There was also discussion of the inherent opportunity for abuse and harm due to the power imbalance between the deputized, brutal, agents of the state known as “police officers” and the general public. 

“In 35 states across the country it is legal for a cop to have sex with someone in their custody. That is legal rape. They are planting evidence; through qualified immunity they are constantly getting away with everything.” 

AWKWORD made an impassioned, evidence-based case that abolition is a moral and civil imperative. 

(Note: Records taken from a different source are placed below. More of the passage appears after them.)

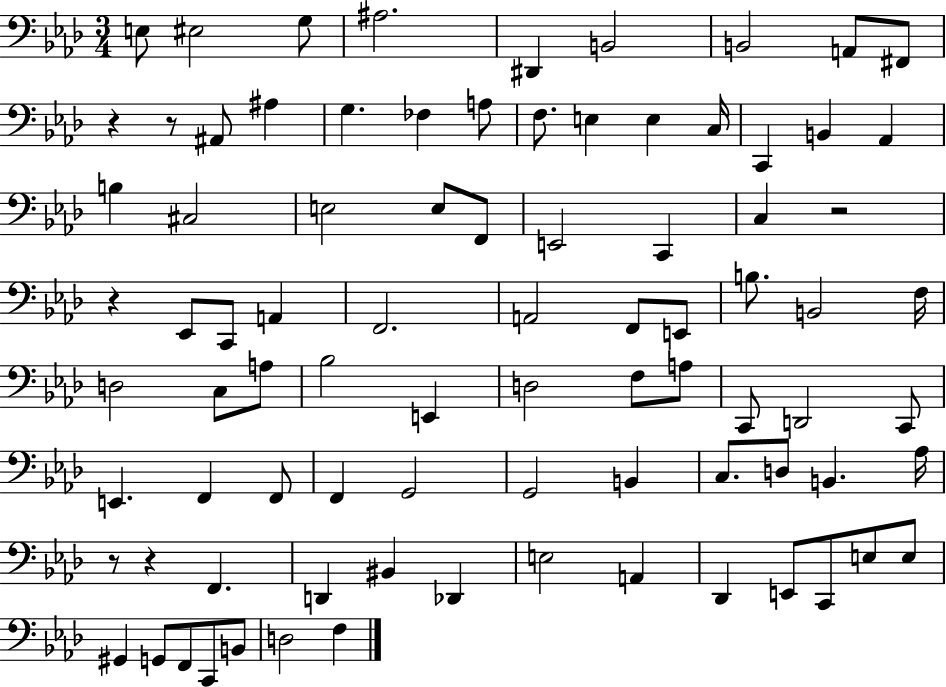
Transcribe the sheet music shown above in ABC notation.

X:1
T:Untitled
M:3/4
L:1/4
K:Ab
E,/2 ^E,2 G,/2 ^A,2 ^D,, B,,2 B,,2 A,,/2 ^F,,/2 z z/2 ^A,,/2 ^A, G, _F, A,/2 F,/2 E, E, C,/4 C,, B,, _A,, B, ^C,2 E,2 E,/2 F,,/2 E,,2 C,, C, z2 z _E,,/2 C,,/2 A,, F,,2 A,,2 F,,/2 E,,/2 B,/2 B,,2 F,/4 D,2 C,/2 A,/2 _B,2 E,, D,2 F,/2 A,/2 C,,/2 D,,2 C,,/2 E,, F,, F,,/2 F,, G,,2 G,,2 B,, C,/2 D,/2 B,, _A,/4 z/2 z F,, D,, ^B,, _D,, E,2 A,, _D,, E,,/2 C,,/2 E,/2 E,/2 ^G,, G,,/2 F,,/2 C,,/2 B,,/2 D,2 F,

It is important to note: all this brutality and savagery exists under capitalism.  The USA has always been capitalist and, short of a worker’s revolution, will always be capitalist. The fearmongering about socialist projects like the U.S.S.R., or China, or Cuba, is just that – fearmongering propaganda. All nations and their people have the right to self-determinate. As such, United States citizens and residents should focus inwards on rebuilding their own society, rather than waging economic, proxy, and/or ground warfare on resource-rich nations that choose to defy the global U.S. military hegemony. The economic engine of capitalism drives this barbarism with human blood and suffering as its fuel. 

“While there is a lower class, I am in it, while there is a criminal element, I am of it, and while there is a soul in prison, I am not free.”